> Problem details: Could you transcribe the entries below exactly, starting at the line that contains "Deciji krevet ACMA" and stopping at the last line, without any pictures?

> Data excerpts:
------------------------------------
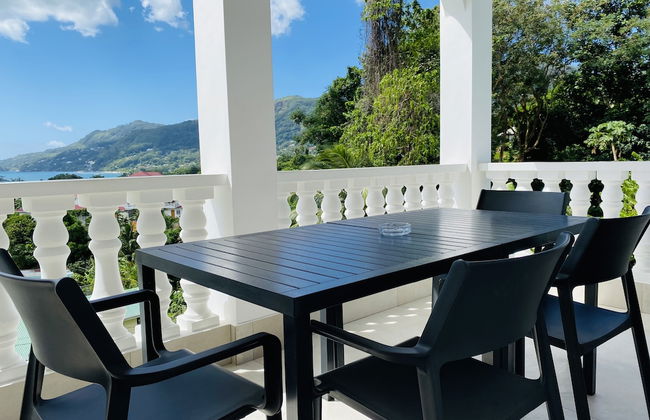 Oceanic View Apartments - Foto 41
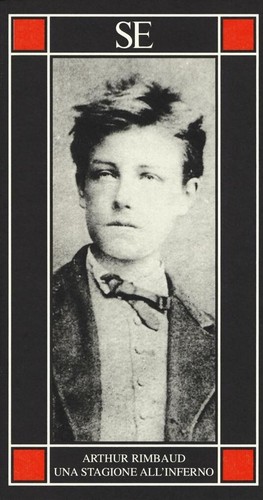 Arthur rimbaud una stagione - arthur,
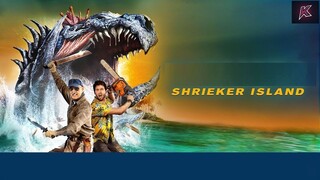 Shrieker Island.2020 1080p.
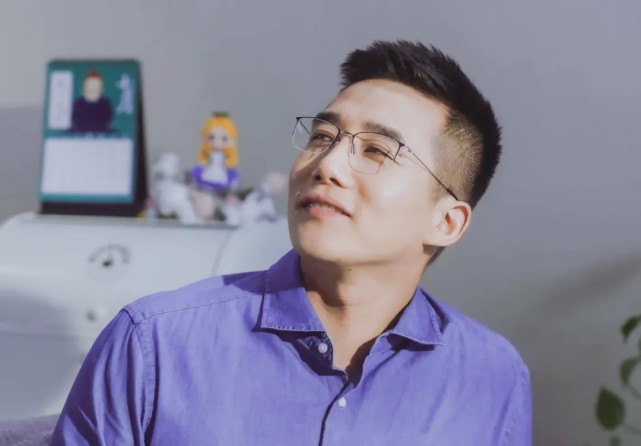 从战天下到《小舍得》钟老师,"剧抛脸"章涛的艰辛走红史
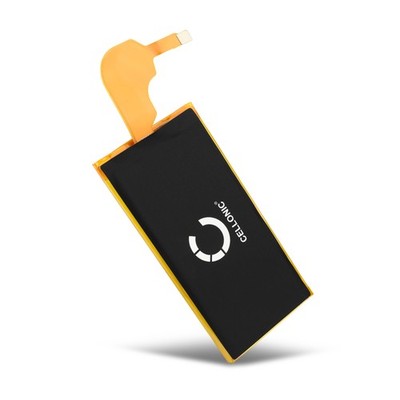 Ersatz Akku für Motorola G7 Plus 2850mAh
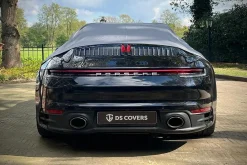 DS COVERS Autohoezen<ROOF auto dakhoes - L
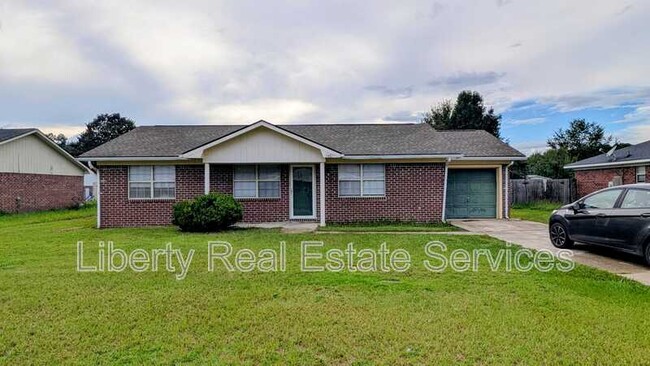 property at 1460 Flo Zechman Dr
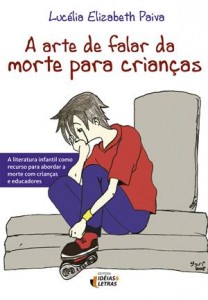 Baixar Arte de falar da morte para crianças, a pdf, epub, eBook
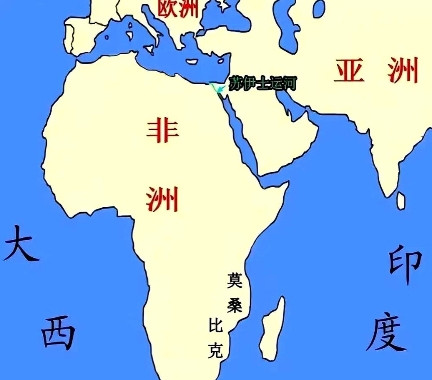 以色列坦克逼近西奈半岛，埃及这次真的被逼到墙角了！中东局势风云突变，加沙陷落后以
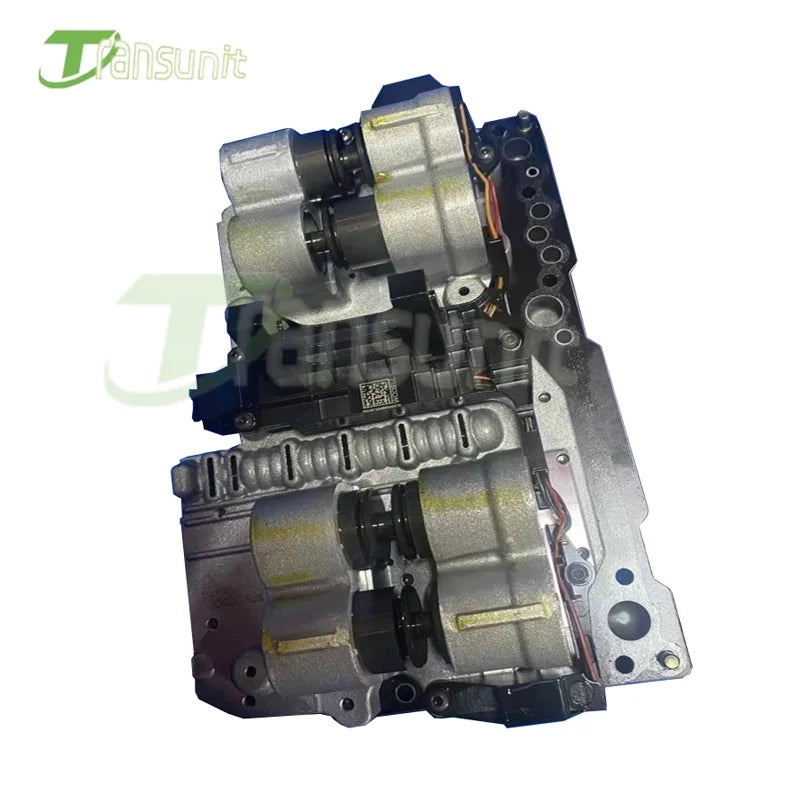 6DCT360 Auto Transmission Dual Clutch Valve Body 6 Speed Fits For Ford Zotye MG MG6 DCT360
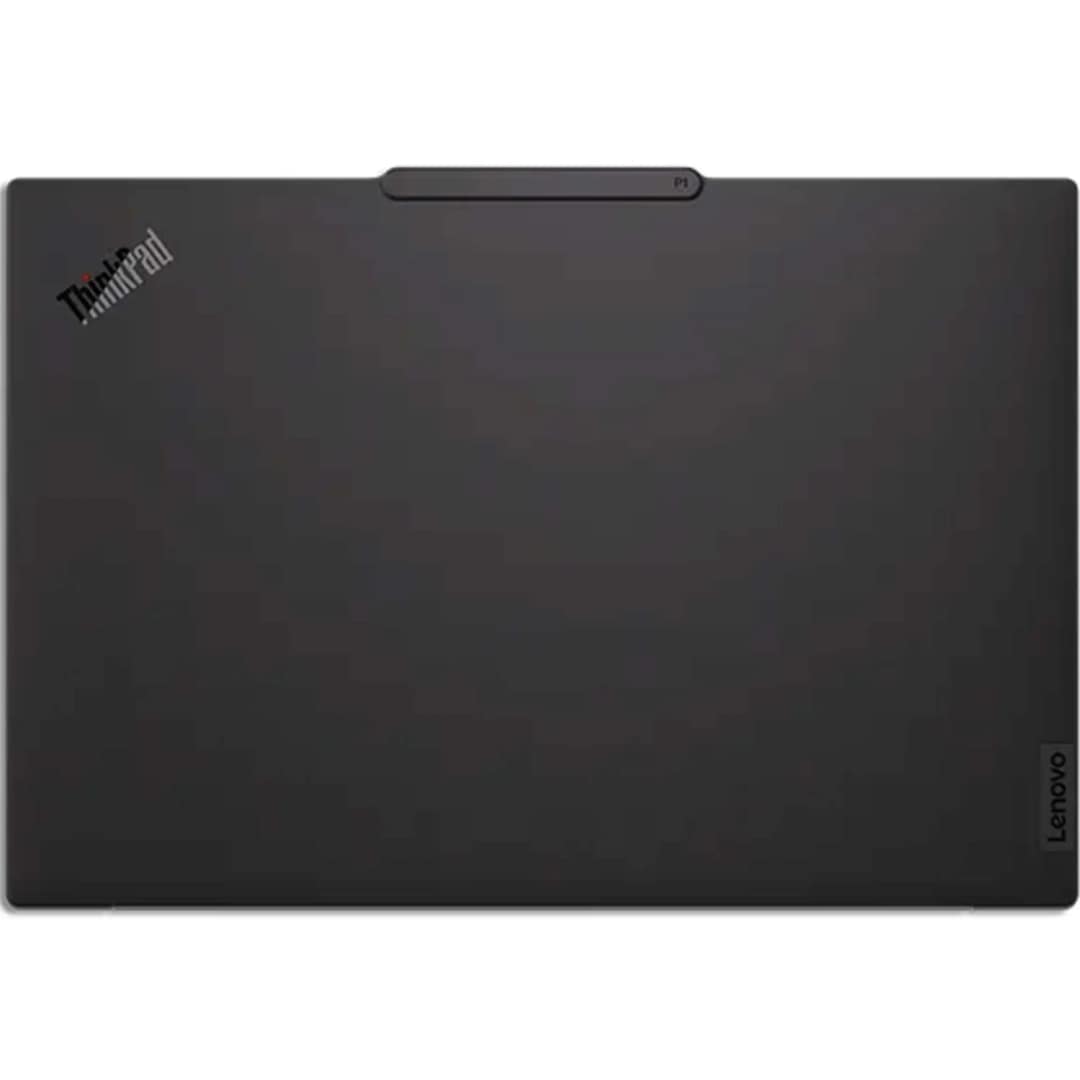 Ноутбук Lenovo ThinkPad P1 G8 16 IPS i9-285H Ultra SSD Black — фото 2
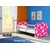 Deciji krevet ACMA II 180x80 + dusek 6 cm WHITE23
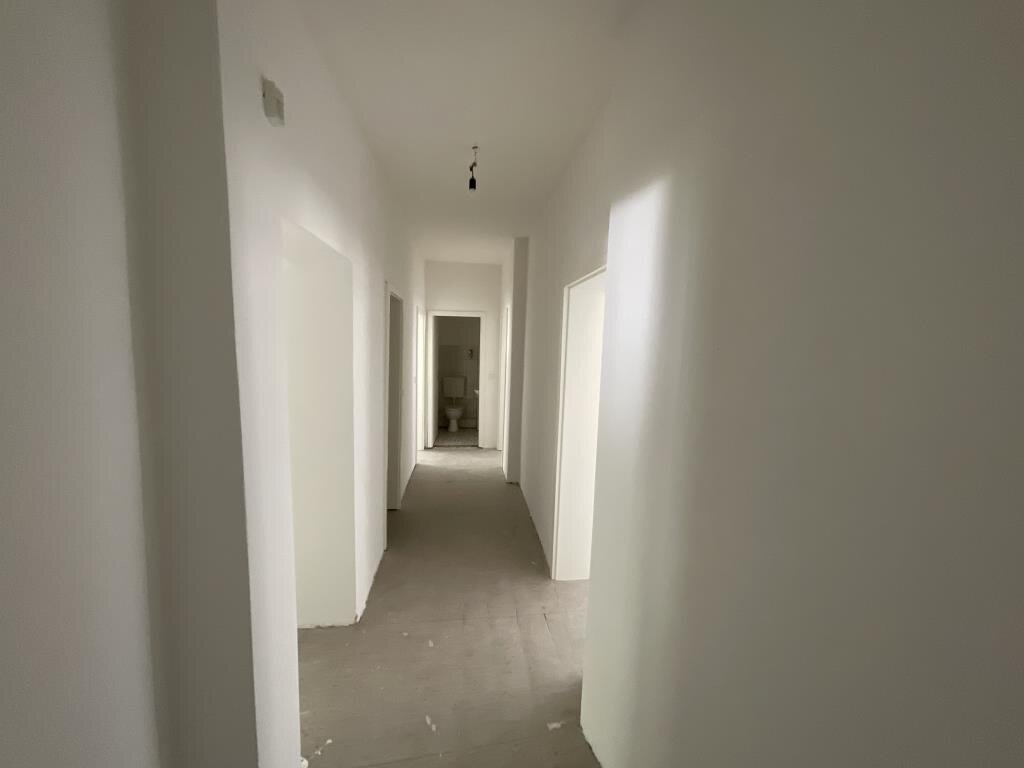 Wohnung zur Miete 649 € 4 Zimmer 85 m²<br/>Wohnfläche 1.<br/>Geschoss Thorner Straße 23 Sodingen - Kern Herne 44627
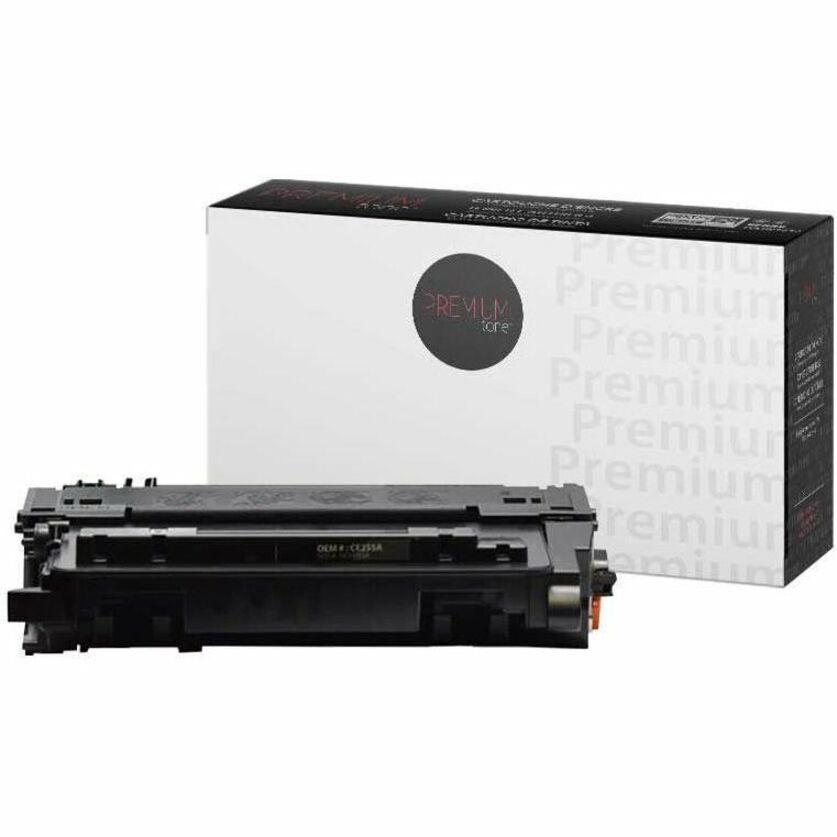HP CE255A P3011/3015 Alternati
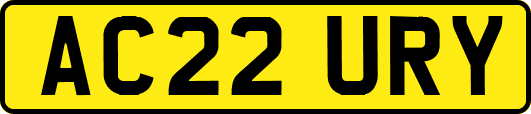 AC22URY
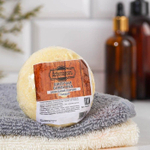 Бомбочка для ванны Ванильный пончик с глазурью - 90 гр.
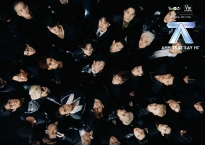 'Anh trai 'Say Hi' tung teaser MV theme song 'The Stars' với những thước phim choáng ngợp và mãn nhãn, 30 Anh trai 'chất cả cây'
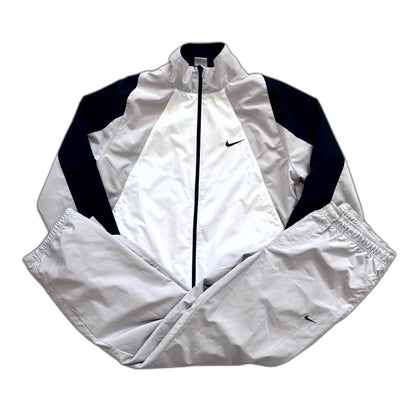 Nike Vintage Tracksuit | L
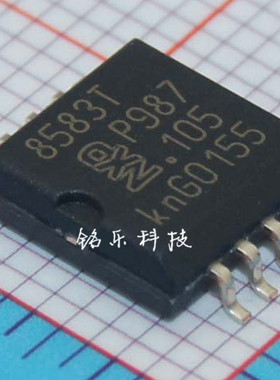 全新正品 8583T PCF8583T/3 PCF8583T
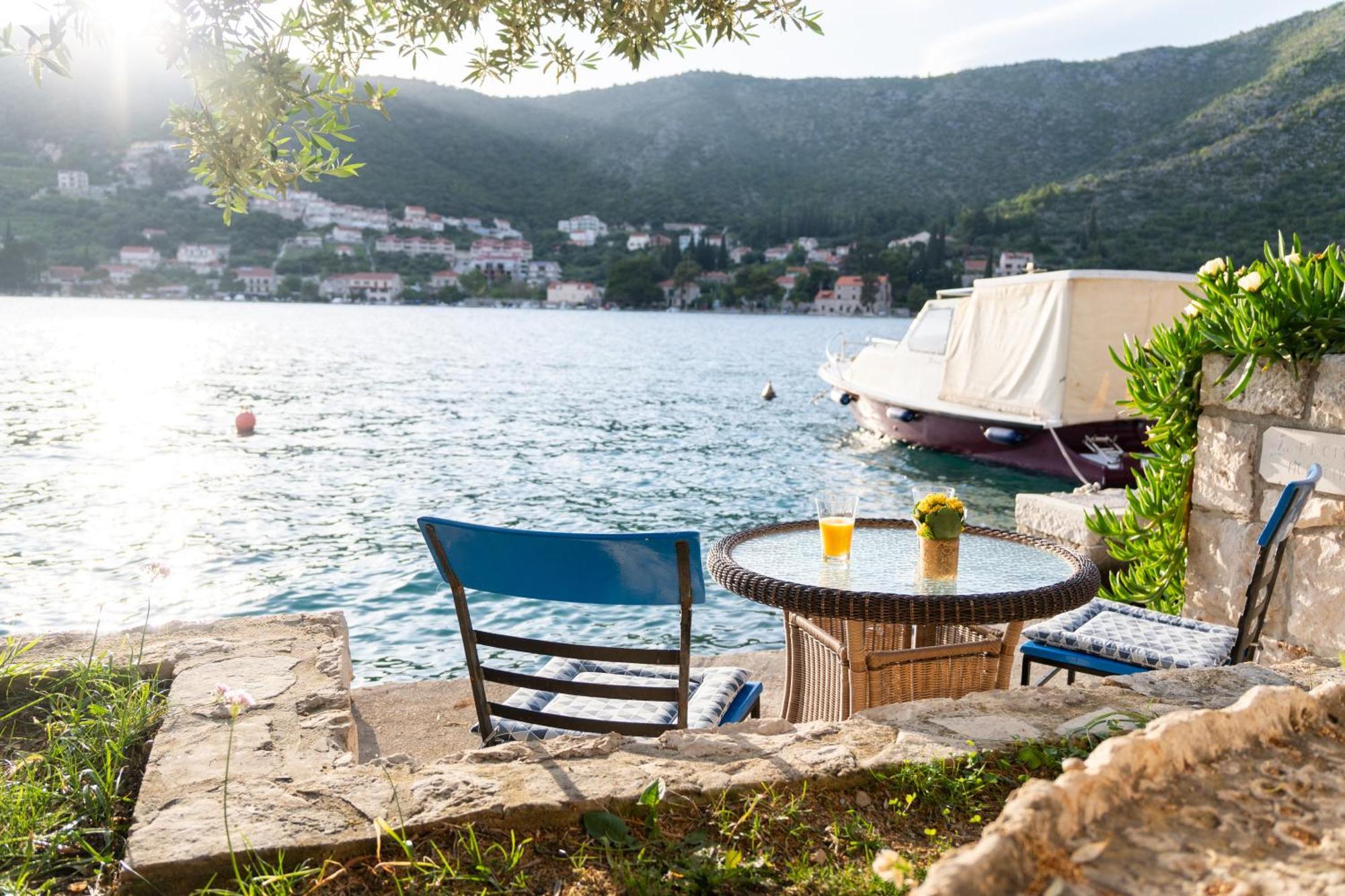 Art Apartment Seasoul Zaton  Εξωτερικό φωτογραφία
------------------------------------
> Solution below:
 Deciji krevet ACMA II 180x80 + dusek 6 cm WHITE23
 Wohnung zur Miete 649 € 4 Zimmer 85 m²<br/>Wohnfläche 1.<br/>Geschoss Thorner Straße 23 Sodingen - Kern Herne 44627
HP CE255A P3011/3015 Alternati
 AC22URY
 Бомбочка для ванны Ванильный пончик с глазурью - 90 гр.
 'Anh trai 'Say Hi' tung teaser MV theme song 'The Stars' với những thước phim choáng ngợp và mãn nhãn, 30 Anh trai 'chất cả cây'
 Nike Vintage Tracksuit | L
 全新正品 8583T PCF8583T/3 PCF8583T
 Art Apartment Seasoul Zaton  Εξωτερικό φωτογραφία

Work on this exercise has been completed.